Een ouder stel komt de bus binnen. Ze herkennen een vrouw en gaan tegenover haar zitten. De vrouw van het stel heeft een grote bos bloemen in haar handen.
‘Hooooiii!’
‘Haaaiii!’
‘Effe zitten hoor…’
‘Moest je lang wachten?’
‘Nee, de bus kwam precies aan toen wij er stonden. Echt, we kwamen aanlopen en toen kwam de bus eraan.
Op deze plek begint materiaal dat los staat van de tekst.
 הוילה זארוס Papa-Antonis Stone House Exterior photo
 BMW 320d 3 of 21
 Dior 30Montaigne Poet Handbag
Mooier kan niet.’
‘Nee, mooier kan niet.’
De bus maakt een bocht, daalt een stukje af, neemt een rotonde en draait een lange weg op, ingesloten door sportvelden. Het is niet goed te zien of er water aan de horizon staat, maar ik weet dat het er is.
De allene vrouw vraagt verder.
‘Wat hebben jullie gedaan?’
‘We hebben even wat hortensia’s gehaald.’
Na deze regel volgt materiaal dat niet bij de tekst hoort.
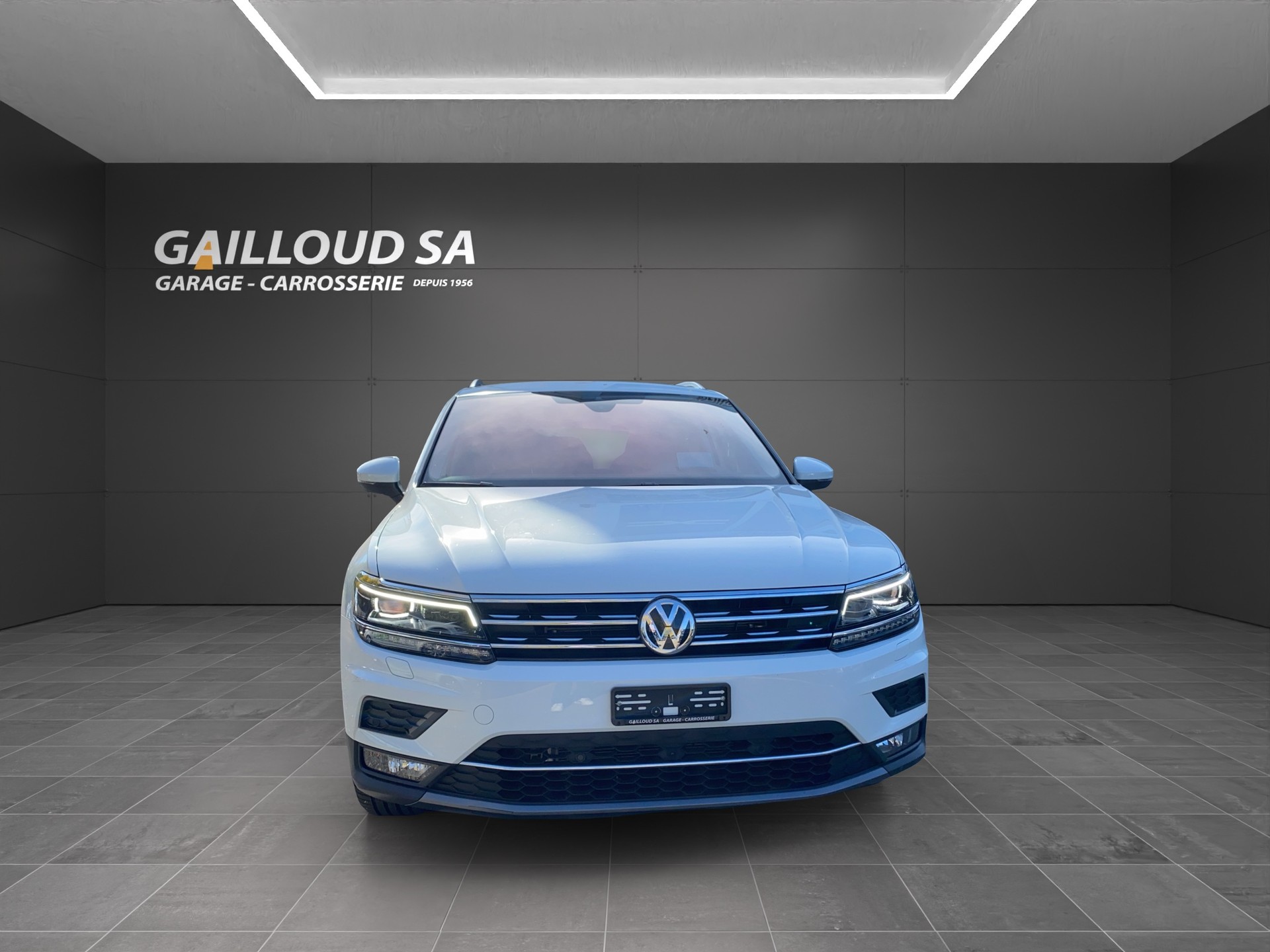 VW Tiguan 2.0TSI Highline 4Motion DSG-image-2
De vrouw van het stel knikt naar de enorme bos hortensia’s in haar linkerhand, die haar het zicht op haar echtgenoot ontneemt. Hij maakt verder geen geluid.
‘O ja, ik zie het. Prachtig hoor.’
‘Ja ik wilde wat hortensia’s, dus die hebben we gehaald. Ze zijn erg mooi vind ik.’
‘Ja, ze zijn prachtig.’
Van het onderwerp ‘hortensia’s’ wordt door de oudere vrouw al snel doorgeschakeld naar iets anders. Ze heeft zelf immers ook een mededeling van niet gering belang.
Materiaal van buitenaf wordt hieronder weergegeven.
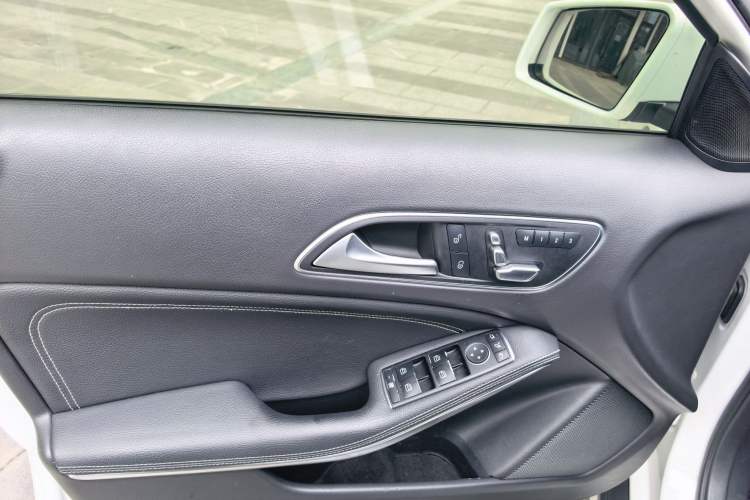 Used Mercedes-Benz GLA 2017 GLA 200 Fashion Model Interior 3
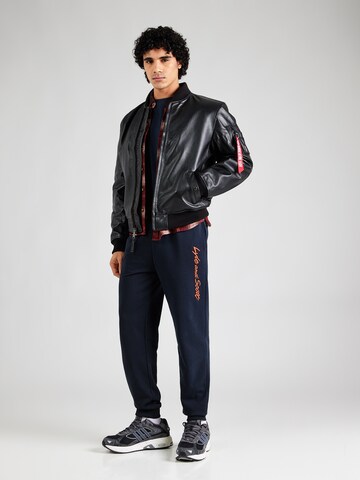 Lyle & Scott Tapered Trousers in Blue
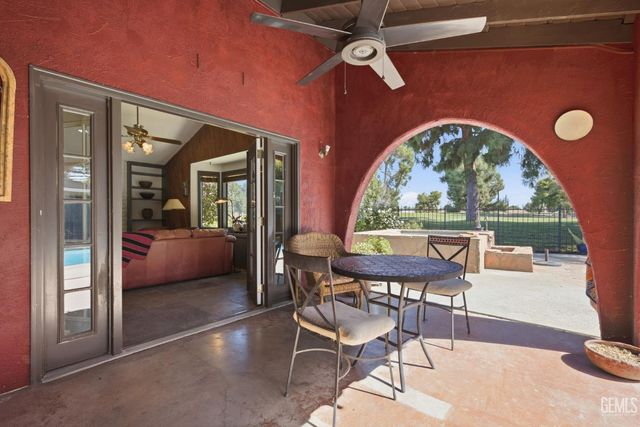 5904 Landfair Drive, Bakersfield, CA 93309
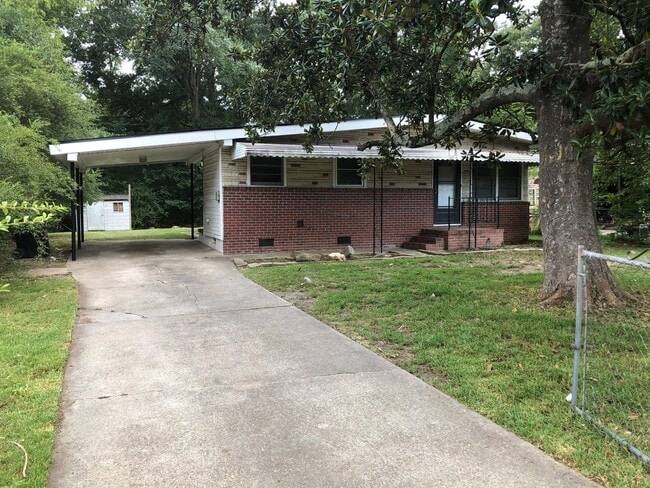 Primary Photo - 2184 Lamore Dr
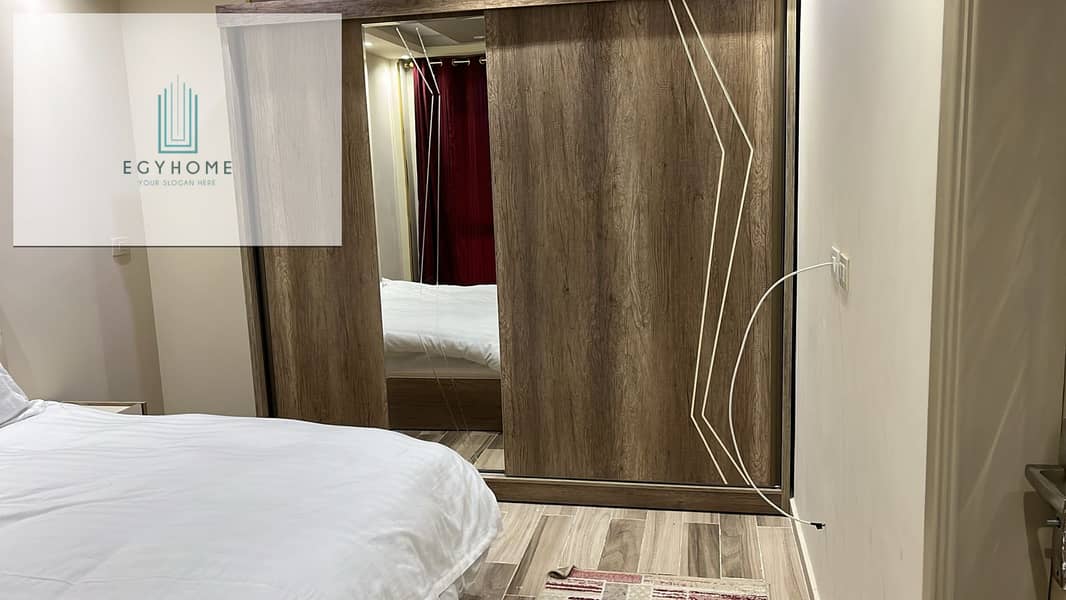 11 b9e74bc1-0e47-43df-8417-d3c3705cbb03. jpg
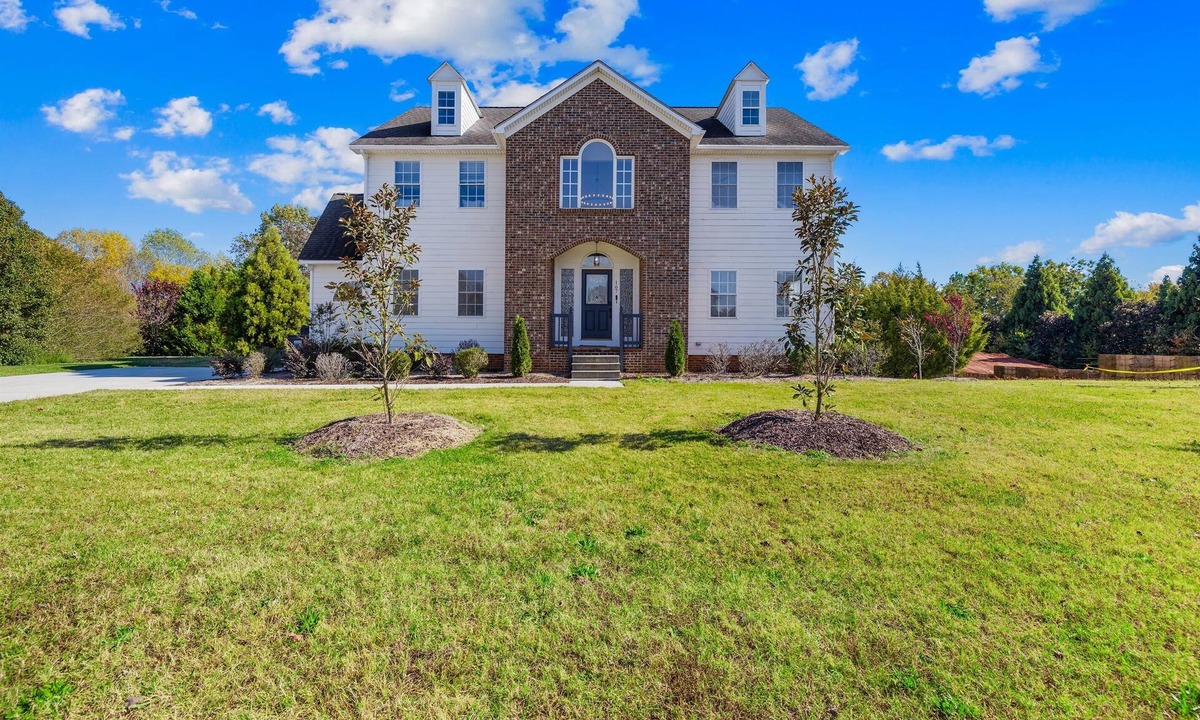 Mooresville House | Lake Access, Game Room, Sleeps 21, Modern!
‘Ik ben aan het afvallen.’
‘O ja?’
‘Ja. Ik ben al 7 kilo kwijt.’
‘O, goed hoor.
‘Ja.’
(…)
‘En wat heb je net gedaan?’
‘Ik heb even gebak gehaald.’
‘Was alles open?’
‘Ja hier wel, maar verderop niet. En in Amstelveen was ook alles gesloten. D’r stond zelfs een bordje: ‘Amstelveen gesloten’.’
‘O joh.’
‘Ja. Het was allemaal dicht.’
‘Goh.’
Het gesprek valt stil. Men kijkt naar buiten en scant de omgeving die ze zo vertrouwd is als de dirigent zijn stok.
De bus stopt bij een halte. Ze staan gedrieën op en waggelen naar de uitgang, zich goed vastgrijpend aan de palen. Er zijn hortensia’s, er is gebak. In Amstelveen is alles dicht, maar daar malen ze in Kudelstaart niet om.